Zener diode

A Zener diode is a Diode engineered to undergo Reverse breakdown at a precisely controlled voltage $V_Z$ and to operate safely and reliably in that region. While in breakdown its terminal voltage is almost independent of the current through it: change the current by a factor of ten and the voltage moves only a few percent. That near-constant voltage is the property exploited by the Zener voltage regulator and the diode Voltage reference.

How it is used

A Zener is always operated reverse biased — the breakdown polarity is the working polarity, so its symbol and orientation are drawn so that the operating current flows cathode-to-anode (the opposite of an ordinary diode). It needs a series current-limiting resistor; the resistor sets the current and keeps the $V_Z\times I$ power dissipation within the safe limit. Below the breakdown voltage it behaves like an ordinary reverse-biased diode (open circuit); above it, it clamps to $V_Z$.
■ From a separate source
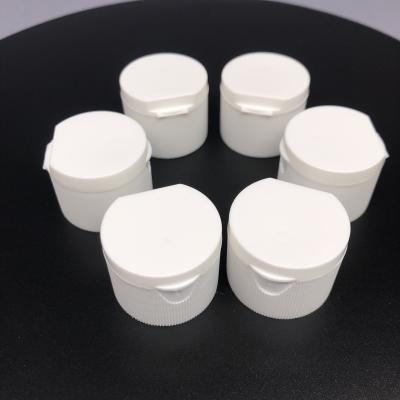 China 24mm lid 24/410 bottle cap plastic caps ribbed flip top cap for sale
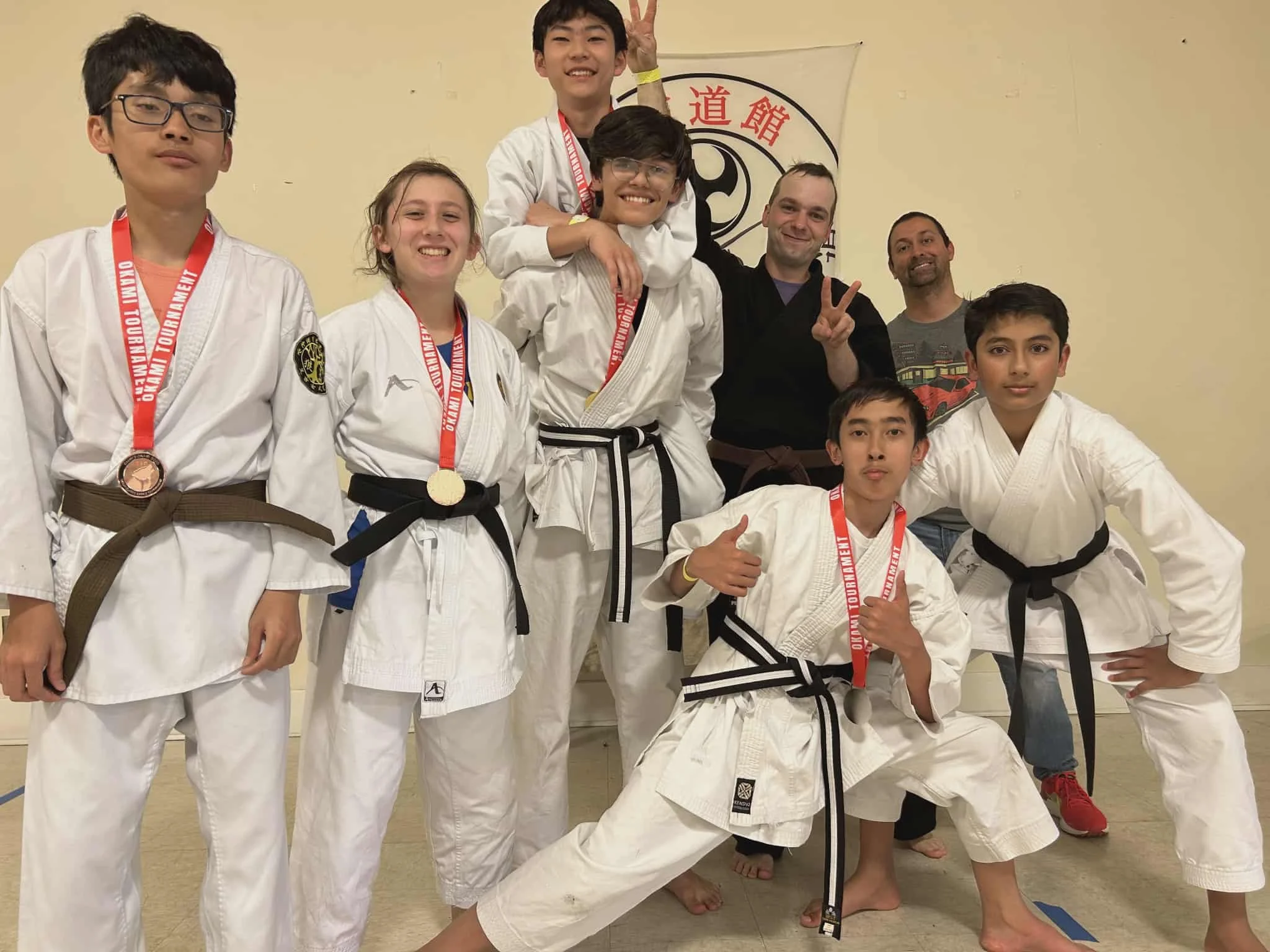 Group of young martial artists in judo uniforms with medals, smiling and posing indoors, with two adults in the background making peace signs and playful gestures.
Which mechanism, and why ~5–6 V is special

Breakdown happens by one of two physical mechanisms (detailed in Reverse breakdown): the Zener effect — field-driven tunnelling — dominates below about $5\text{V}$, while avalanche multiplication dominates above about $6\text{V}$. The two have opposite temperature coefficients: the Zener effect gives $V_Z$ a negative tempco, avalanche a positive one. Around $5$–$6\text{V}$ they roughly cancel, so a Zener rated there drifts least with temperature — which is why precision references cluster near $\approx 5.6\text{V}$, not because that voltage is otherwise special. (Despite the name, most “Zener” diodes above ~6 V actually break down by avalanche.)

Datasheet parameters

Zener parameters: $V_{ZT}$ at test current $I_{ZT}$, knee $I_{ZK}$, power-limited max current; linearised model $V_{Z0}+r_z$.

• $V_{ZT}$ — the rated breakdown voltage, specified at a particular test current $I_{ZT}$ (because the voltage does drift slightly with current, you have to say where you measured it). Commercial Zeners span roughly $2\text{V}$ to $200\text{V}$; the most common parts sit in the few-volt to tens-of-volts range.
• $I_{ZT}$ — the test current at which $V_{ZT}$ is quoted.
• $I_{ZK}$ — the knee current: the current at the onset of breakdown, the bottom of the curve where the breakdown bend is. Below $I_{ZK}$ the device is not properly in breakdown and the regulation is poor, so a good design keeps the current above $I_{ZK}$.
• Maximum current — set by the device’s safe power dissipation. For a 0.5 W, 6.8 V Zener the maximum current is about $P_{max}/V_Z=0.5\text{W}/6.8\text{V}\approx 70$ mA. Exceed it and the device overheats and fails.

Linearised model

For hand analysis the breakdown region is modelled as a straight line: an ideal source $V_{Z0}$ in series with a small dynamic resistance $r_z$. $V_{Z0}$ is the voltage-axis intercept you get by extrapolating the steep breakdown line back to zero current — it is not the same as $V_{ZT}$, which is the voltage at a real operating current. $r_z$ is the Zener dynamic resistance, the slope of the breakdown line: $V_Z=V_{Z0}+I_Z{r}_z$. A small $r_z$ means the line is nearly vertical, so the voltage barely changes with current — that is what makes a good regulator.

In this course the Zener in breakdown is usually treated simply by its DC value $V_Z$; the $r_z$ refinement is brought in only when you need to predict how much the regulated voltage moves under load. The Zener’s role as a voltage source feeds directly into the Zener voltage regulator and the broader Voltage reference.